Heureusement, parmi les Chants modernes se sont glissées un certain nombre de pièces charmantes, variations délicieuses sur ces trois thèmes anciens : la beauté, la nature et l’amour, qui jusqu’à présent ont suffi aux poètes peu curieux de nouveautés. Jamais Maxime Ducamp ne réussit mieux que lorsqu’il n’exécute pas le programme qu’il s’est tracé ; il n’en faut d’autre exemple que les Sonnets d’amour, les Femmes turques, la Vie au désert, et surtout la Maison démolie, où le souvenir mélancolique s’assoit sur les ruines dans la pose de l’ange d’Albert Durer, et rappelle en stances harmonieuses les joies, les peines, les deuils et les paisibles heures d’étude qu’ont abrités ces murs attaqués par le pic du maçon. C’est, toute proportion gardée, la Tristesse d’Olympio du volume.

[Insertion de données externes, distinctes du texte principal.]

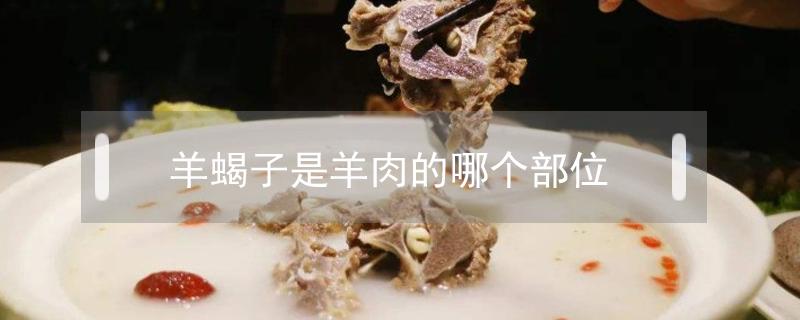 羊蝎子是羊肉的哪个部位（羊蝎子是什么部位的肉）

Malgré les théories de Maxime Ducamp, la poésie s’occupe assez peu de l’époque où elle vit, et tourne encore la tête vers le passé au lieu de regarder vers l’avenir. La Flûte de Pan d’André Lefèvre en est la preuve. L’inspiration qui l’anime est tout antique, et un souffle du grand Pan traverse les roseaux de sa flûte inégale. Une petite préface de deux pages, d’où nous extrayons ces quelques lignes, contient l’esthétique de l’auteur, et le caractérise mieux que nous ne saurions le faire : "Rêveries sereines et plaintes passionnées, idylles antiques et poèmes amoureux, tous les tableaux ici rassemblés, quelle que soit la variété des sujets et des styles, sont liés par une chaîne continue, la croyance à la vie des choses. Les inspirations nous sont venues du dehors. S’il est resté dans notre œuvre quelque chose de nous, si les objets que nous avons touchés gardent une apparence presque humaine, c’est que l’esprit s’unit à ce qu’il embrasse et pénètre ce qu’il anime ; vainement il voudrait n’être qu’un écho, il demeure un interprète. Tantôt nous décrivons des paysages solitaires, des bois, des monts, des océans livrés à eux-mêmes ; tantôt nous enchâssons dans un cadre étroit des idées à moitié transformées en images ; parfois encore, des femmes jeunes et belles paraissent à la lisière d’un bois ; on les voit s’ébattre au son de pipeaux invisibles. Mais sous toutes les couleurs, sous tous les visages, c’est la nature qui vit telle que la font les heures et les saisons ; la nature, l’enchanteresse qui préside à l’épanouissement des fleurs, à la naissance involontaire des instincts amoureux ; la consolatrice qui berce et qui apaise les désirs inassouvis ; l’antique Cybèle enfin, celle à qui les Grecs donnèrent tant de noms, tant de masques divinisés ! "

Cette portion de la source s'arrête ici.